Iowa Groups Fighting Over Simulcast Revenue

Iowa Groups Fighting Over Simulcast Revenue
Photo: Coady Photography
The Iowa HBPA contends a portion of the horse racing simulcast revenue should go to horse racing at Prairie Meadows.

By Dan Johnson

Iowa Gov. Terry Branstad said he is unsure whether he will sign legislation that would allow casinos to buy out Greyhound racing because of an objection raised by horse interests over full-card simulcasts.

The bill calls for the Bluffs Run and Dubuque racetrack casinos to pay $72 million into a fund for Greyhound owners. In return, the two tracks will stop offering Greyhound racing by the end of 2015.

The Iowa Greyhound Association in turn can use half of the fund to sponsor its own meets at Dubuque. The IGA would also be allowed to simulcast horse and dog races at Dubuque and any of 24 other casinos in the state.

The Iowa Horsemen's Benevolent and Protective Association contends a portion of the horse racing simulcast revenue should go to horse racing at Prairie Meadows Racetrack & Casino, but the two sides have been unable to agree on an amount.

The IGA offered 10% of net revenue, while the Iowa HBPA wanted 33%. Then the HBPA asked for four cents per dollar bet on horse races. When no deal was reached, the Iowa HBPA asked its members to write Branstad with their objections.

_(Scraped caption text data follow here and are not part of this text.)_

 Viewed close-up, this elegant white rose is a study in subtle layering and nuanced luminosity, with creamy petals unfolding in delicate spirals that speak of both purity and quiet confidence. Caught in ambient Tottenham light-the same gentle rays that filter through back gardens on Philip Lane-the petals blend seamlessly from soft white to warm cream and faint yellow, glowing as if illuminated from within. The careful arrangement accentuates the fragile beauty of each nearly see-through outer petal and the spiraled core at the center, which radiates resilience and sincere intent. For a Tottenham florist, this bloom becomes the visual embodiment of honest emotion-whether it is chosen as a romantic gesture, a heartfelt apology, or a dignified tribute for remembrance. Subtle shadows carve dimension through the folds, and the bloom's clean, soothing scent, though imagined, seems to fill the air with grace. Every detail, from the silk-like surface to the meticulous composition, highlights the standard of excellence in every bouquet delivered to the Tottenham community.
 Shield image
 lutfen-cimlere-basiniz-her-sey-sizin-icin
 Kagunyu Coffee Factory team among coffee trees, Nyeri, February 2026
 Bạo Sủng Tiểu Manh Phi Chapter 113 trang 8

During Iowa Public Television's "Iowa Press" show that aired May 25, Branstad questioned whether the deal was fair to horse owners.

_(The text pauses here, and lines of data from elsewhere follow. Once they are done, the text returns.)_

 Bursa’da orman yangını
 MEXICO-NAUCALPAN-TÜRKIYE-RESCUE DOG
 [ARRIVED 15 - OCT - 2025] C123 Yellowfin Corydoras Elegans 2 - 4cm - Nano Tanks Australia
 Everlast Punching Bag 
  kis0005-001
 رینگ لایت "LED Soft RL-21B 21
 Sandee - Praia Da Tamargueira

"My concern, I think, is the horse industry was left out of this," Branstad said. "There is a provision that deals with simulcasting, and there is some concern that I'm hearing from my friends in the horse industry. I've always been close to them. We have a very big and significant horse industry in the state of Iowa. I'm reviewing the legislation.

"I want to do something that's fair to all the communities involved and fair to all the parties. I have not made a final decision."

Bluffs Run and Dubuque currently offer full-card simulcasts. Dubuque had $972,000 in betting on horse races last year. Bluffs Run, which draws from the Omaha, Neb., market, took in $8.8 million. None of the revenue goes to Prairie Meadows.

"Our board is adamant about getting a cut of the money," said Leroy Gessmann, president of the Iowa HBPA. "They should be paying us for (Bluffs Run) alone between $300,000 and $400,000 a year."

Jerry Crawford, whose Donegal Racing stable has campaigned horses such as Paddy O'Prado   and Dullahan, is an attorney for the Greyhound owners. He said the horse owners have other advantages that dog owners do not, such as a fixed percentage of Prairie Meadows' casino revenue and advance deposit wagering. And he said the IGA would bear the expense of operating the simulcast outlets at casinos.

"The horsemen wouldn't lose a cent from the simulcasting provision in the bill," Crawford said. "It would be all new revenue if the governor signed the bill."